If the submission is successful, it returns a jobId and jobName as shown.

Next, retrieve the list of currently running jobs in the cluster via the REST API:

curl 'http://seatunnel-cluster-master.bigdata.svc.colo.gzgalocal:8080/running-jobs'
[{"jobId":"964553575034257409","jobName":"st.example.template","jobStatus":"RUNNING","envOptions":{"job.mode":"STREAMING","checkpoint.interval":"2000","parallelism":"2"}, ...]

As shown in the response, the job is running and additional metadata is also returned. This confirms that job submission via the REST API works as expected. For more details, refer to the official documentation: RESTful API V2

Summary

This article focuses on the recommended Separated Cluster Mode for deploying a SeaTunnel cluster on Kubernetes. The deployment process mainly includes the following steps:

Prepare the Kubernetes Environment

Ensure a fully functional Kubernetes cluster is set up and all required components are installed.
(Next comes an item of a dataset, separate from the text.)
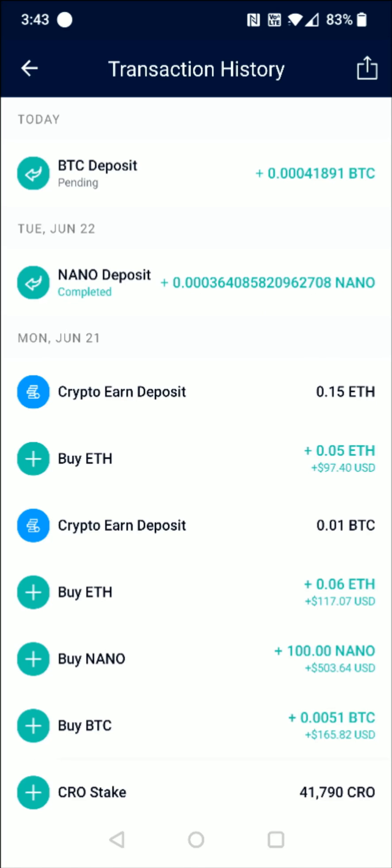Eventually once this deposit goes from pending to completed, the status will change in our transaction history and the Bitcoin will show up in our cryptocurrency wallet under the Bitcoin area. I hope this video was helpful — I appreciate you guys stopping by. Consider subscribing to the YouTube channel and I'll catch you back here next time.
Build the SeaTunnel Docker Image

If no secondary development is needed, use the official image. Otherwise, compile and package locally, write a Dockerfile, and build your custom SeaTunnel image.
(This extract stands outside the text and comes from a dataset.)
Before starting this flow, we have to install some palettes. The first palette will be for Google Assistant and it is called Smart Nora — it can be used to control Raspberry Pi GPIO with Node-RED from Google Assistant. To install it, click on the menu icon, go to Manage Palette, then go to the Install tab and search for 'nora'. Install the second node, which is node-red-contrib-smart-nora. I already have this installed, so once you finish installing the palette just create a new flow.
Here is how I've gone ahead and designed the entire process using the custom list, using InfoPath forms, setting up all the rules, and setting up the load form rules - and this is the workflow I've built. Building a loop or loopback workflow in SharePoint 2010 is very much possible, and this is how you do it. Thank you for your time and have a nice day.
Configure Headless Service and Hazelcast Cluster

Hazelcast uses Kubernetes’ Headless Service for DNS-based discovery. First, create a Headless Service, then specify its DNS name in the Hazelcast YAML configuration using service-dns.

The Headless Service will resolve to the IP addresses of the associated pods, enabling inter-member discovery within the Hazelcast cluster.

Configure the SeaTunnel Engine

Modify the seatunnel.yaml file to set the SeaTunnel engine parameters.

Create Kubernetes YAML Deployment Files

Create separate YAML files for the Master and Worker, specifying node selectors, startup commands, resource requests/limits, and volume mounts. Deploy them to the Kubernetes cluster.

Configure the SeaTunnel Client

Install SeaTunnel on the client machine and ensure the installation path (SEATUNNEL_HOME) matches the cluster. Modify hazelcast-client.yaml to point to the Service address of the cluster.

Submit and Run Tasks

After completing the above steps, tasks can be submitted from the client and executed by the SeaTunnel cluster.

The configuration examples provided in this article are for reference only. There may be additional configuration options and best practices not covered here. Contributions and discussion are welcome. We hope this guide proves helpful!